Research on graduate earnings has typically focused on how this has, on average, changed over time compared to the earnings of non-graduates, with such studies based on data relating to individuals born prior to 1990. More recently, there has been increasing attention paid to how graduate earnings vary by subject of study and provider attended, so that additional information can be supplied to prospective students who are deciding whether to enter higher education and what course to study. Less attention has been given, however, to how graduate earnings differ by class of award.

This insight outlines our findings from an investigation into the trajectory of the average graduate premium at age 26 (i.e. the extent to which the annual earnings of graduates exceeds that of non-graduates in percentage terms), as participation in higher education has changed. To extend previous work conducted in this field, we use data on cohorts born up to the early 1990s. We also look at how the evolving levels of participation, alongside shifts in the proportion of graduates with at least an upper second class award, has impacted the premium for at least an upper second class award relative to a lower second class award or below (i.e. the extent to which the annual earnings of those with at least an upper second class award exceeds the annual earnings of those with a lower second class award or below in percentage terms).[1]

A paper discussing our methodology and results in further detail can be downloaded below or from the Warwick Economics Research Paper Series. This builds on previous work released by HESA and the University of Warwick in this area (see The return to a degree: New evidence based on the birth cohort studies and the Labour Force Survey and How does the return to a degree vary by class of award?).

Download Graduate Earnings Premia in the UK: Decline and Fall?

Why does this matter?

Disparities in graduate earnings by degree classification is an important area of consideration from a social mobility standpoint. In their State of the Nation 2018/19 report, the Social Mobility Commission highlighted that social mobility is about ensuring equal opportunity for all and that future outcomes should not be determined by childhood background. With governments in all nations expecting higher education to play an important role in enhancing social mobility, there has been significant work within the sector to improve access among those from more deprived households. However, this is only one stage of the student lifecycle. Previous studies have found that disadvantaged students have a lower probability of leaving university with at least an upper second class award (i.e. an upper second or first class) relative to their advantaged peers, even after accounting for factors such as prior attainment and course of study.

If employers sift graduate applications on the basis of whether the individual has at least an upper second class award, a growing gap in earnings and future employment prospects could emerge between graduates with at least an upper second class award compared to those with a lower second class award or below (i.e. those with a lower second/third class award or pass/ordinary degree). As a result of this, those graduates with a lower second class award or below (who are also more likely to be disadvantaged) may not find higher education meets their initial expectations around the extent to which it boosts their labour market opportunities. In future, the greater uncertainty in the benefits associated with spending three to four more years in education could mean prospective students from disadvantaged backgrounds may no longer consider studying for a degree as the pathway for them.
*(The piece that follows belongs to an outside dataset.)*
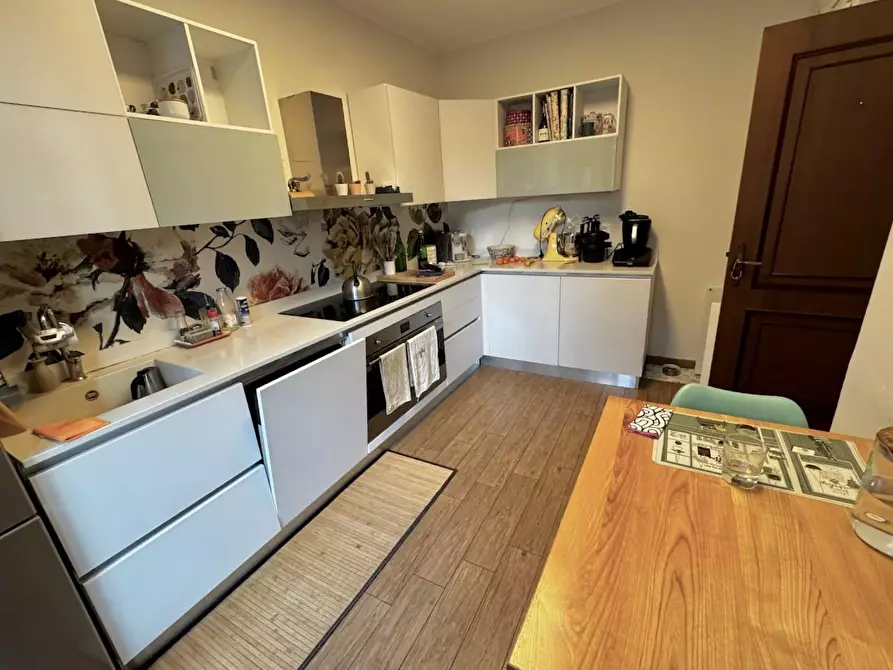 Immagine 24 di Villetta a schiera in vendita  a Pisa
Such patterns could inhibit the extent to which higher education can advance social mobility and thereby help ensure an individual’s chances in adulthood are not largely defined by their background at an earlier point in their life.

Secondly, should an increasing proportion of graduates qualify with at least an upper second class award, this could lead to greater worry among employers over how reliable and valuable higher education qualifications are with regards to illustrating the potential of job candidates. This fall in value could become evident in the labour market if organisations respond by being less willing to assess job applications and remuneration packages on the basis of degree classification, as this no longer provides an accurate means by which to identify the strongest applicants.

What has happened to participation and classifications awarded for first degrees over time?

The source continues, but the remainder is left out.